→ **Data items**
++++++

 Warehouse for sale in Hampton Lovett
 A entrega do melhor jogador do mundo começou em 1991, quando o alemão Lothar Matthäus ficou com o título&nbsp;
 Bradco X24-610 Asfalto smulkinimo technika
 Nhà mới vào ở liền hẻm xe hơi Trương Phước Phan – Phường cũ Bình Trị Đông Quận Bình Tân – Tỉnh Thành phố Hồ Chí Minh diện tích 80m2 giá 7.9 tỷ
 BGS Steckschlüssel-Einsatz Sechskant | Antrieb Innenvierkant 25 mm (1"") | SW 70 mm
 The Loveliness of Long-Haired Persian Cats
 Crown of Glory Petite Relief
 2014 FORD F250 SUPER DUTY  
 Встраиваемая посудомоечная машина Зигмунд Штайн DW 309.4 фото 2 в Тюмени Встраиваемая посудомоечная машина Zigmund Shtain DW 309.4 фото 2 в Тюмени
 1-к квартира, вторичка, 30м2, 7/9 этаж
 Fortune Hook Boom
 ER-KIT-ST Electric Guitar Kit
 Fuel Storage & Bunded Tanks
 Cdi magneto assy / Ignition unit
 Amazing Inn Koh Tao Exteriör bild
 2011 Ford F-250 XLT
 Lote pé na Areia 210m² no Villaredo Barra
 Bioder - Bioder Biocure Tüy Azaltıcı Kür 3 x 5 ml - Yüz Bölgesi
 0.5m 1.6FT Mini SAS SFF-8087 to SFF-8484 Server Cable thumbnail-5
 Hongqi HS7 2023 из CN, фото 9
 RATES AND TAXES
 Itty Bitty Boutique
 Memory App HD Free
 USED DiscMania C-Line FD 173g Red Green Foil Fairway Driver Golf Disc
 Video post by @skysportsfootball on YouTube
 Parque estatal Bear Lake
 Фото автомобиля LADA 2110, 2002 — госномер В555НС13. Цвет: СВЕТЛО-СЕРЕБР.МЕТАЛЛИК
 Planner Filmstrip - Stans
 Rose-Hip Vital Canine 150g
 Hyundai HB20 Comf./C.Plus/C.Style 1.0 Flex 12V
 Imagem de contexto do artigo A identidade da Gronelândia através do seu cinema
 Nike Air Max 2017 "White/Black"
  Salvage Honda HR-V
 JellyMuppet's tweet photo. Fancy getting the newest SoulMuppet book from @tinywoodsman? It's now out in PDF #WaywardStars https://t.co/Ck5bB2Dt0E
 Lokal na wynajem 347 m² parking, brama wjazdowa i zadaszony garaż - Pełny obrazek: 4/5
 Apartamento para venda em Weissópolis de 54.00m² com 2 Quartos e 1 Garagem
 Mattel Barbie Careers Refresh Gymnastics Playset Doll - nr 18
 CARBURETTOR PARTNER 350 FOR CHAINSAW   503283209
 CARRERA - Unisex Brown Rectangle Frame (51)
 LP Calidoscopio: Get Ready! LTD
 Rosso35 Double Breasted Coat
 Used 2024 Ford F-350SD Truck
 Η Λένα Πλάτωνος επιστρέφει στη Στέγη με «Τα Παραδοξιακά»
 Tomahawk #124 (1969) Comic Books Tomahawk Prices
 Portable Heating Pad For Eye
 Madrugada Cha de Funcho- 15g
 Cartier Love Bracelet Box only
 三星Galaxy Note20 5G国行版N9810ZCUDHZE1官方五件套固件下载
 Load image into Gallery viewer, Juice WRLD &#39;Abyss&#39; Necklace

++++++

→ **WHAT IS EXPECTED**
With the line containing "Portable Heating Pad For Eye" as the first and the last line of the data as the final one, copy every line between them exactly, those two included.

→ **RESPONSE AREA**
 Portable Heating Pad For Eye
 Madrugada Cha de Funcho- 15g
 Cartier Love Bracelet Box only
 三星Galaxy Note20 5G国行版N9810ZCUDHZE1官方五件套固件下载
 Load image into Gallery viewer, Juice WRLD &#39;Abyss&#39; Necklace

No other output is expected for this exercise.